[[ DATA, beginning ]]

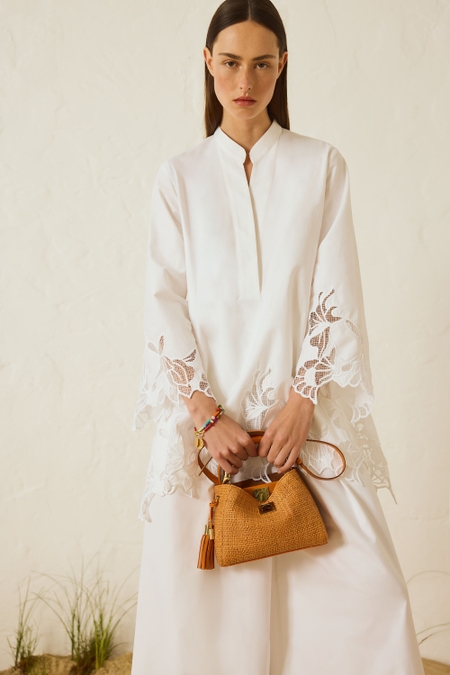 CUT-OUT EMBROIDERED POPLIN OVERSIZE SHIRT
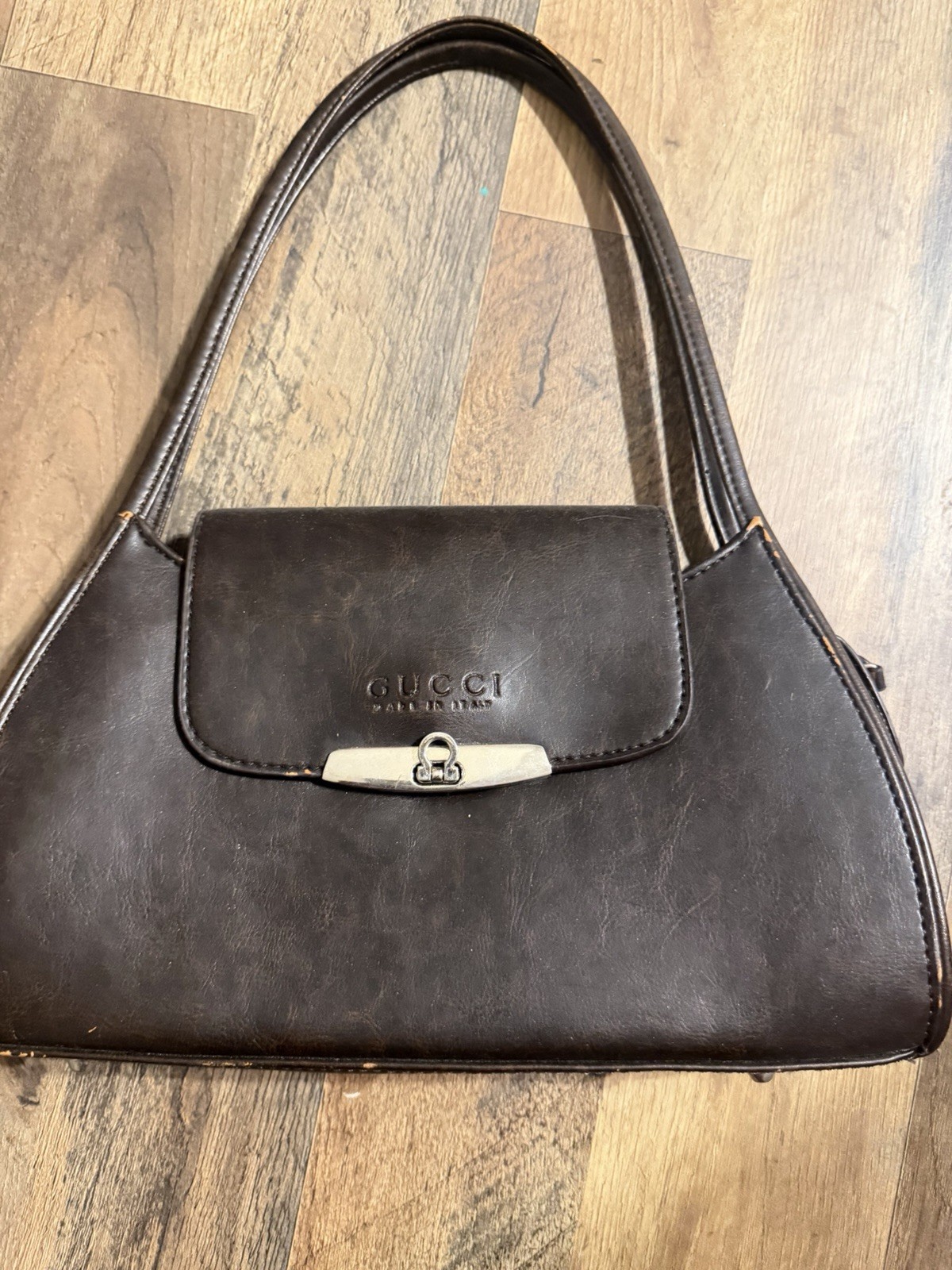 Vintage Gucci  Brown Shoulder Bag Zip Closure Silver Hardware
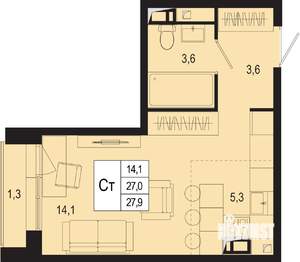 Студия квартира, строящийся дом, 27м2, 2/8 этаж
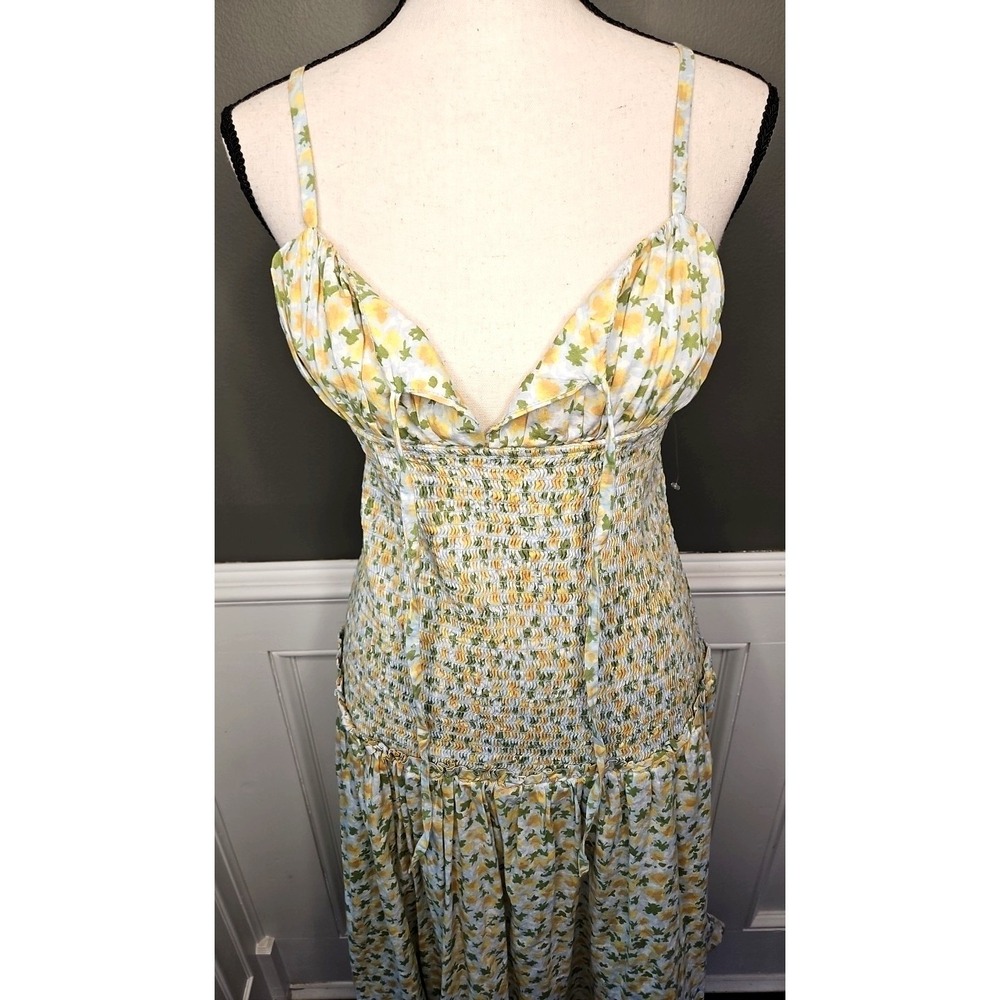 Free People Lavender Daze Green Yellow Dress Med Smocked Drop Waist Cottage NWOT - Picture 3 of 10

[[ DATA, end ]]

• _TASK GOAL_: Copy the whole of the material above exactly, but not its images.

• _WRITTEN RESPONSE_:
 CUT-OUT EMBROIDERED POPLIN OVERSIZE SHIRT
 Vintage Gucci  Brown Shoulder Bag Zip Closure Silver Hardware
 Студия квартира, строящийся дом, 27м2, 2/8 этаж
 Free People Lavender Daze Green Yellow Dress Med Smocked Drop Waist Cottage NWOT - Picture 3 of 10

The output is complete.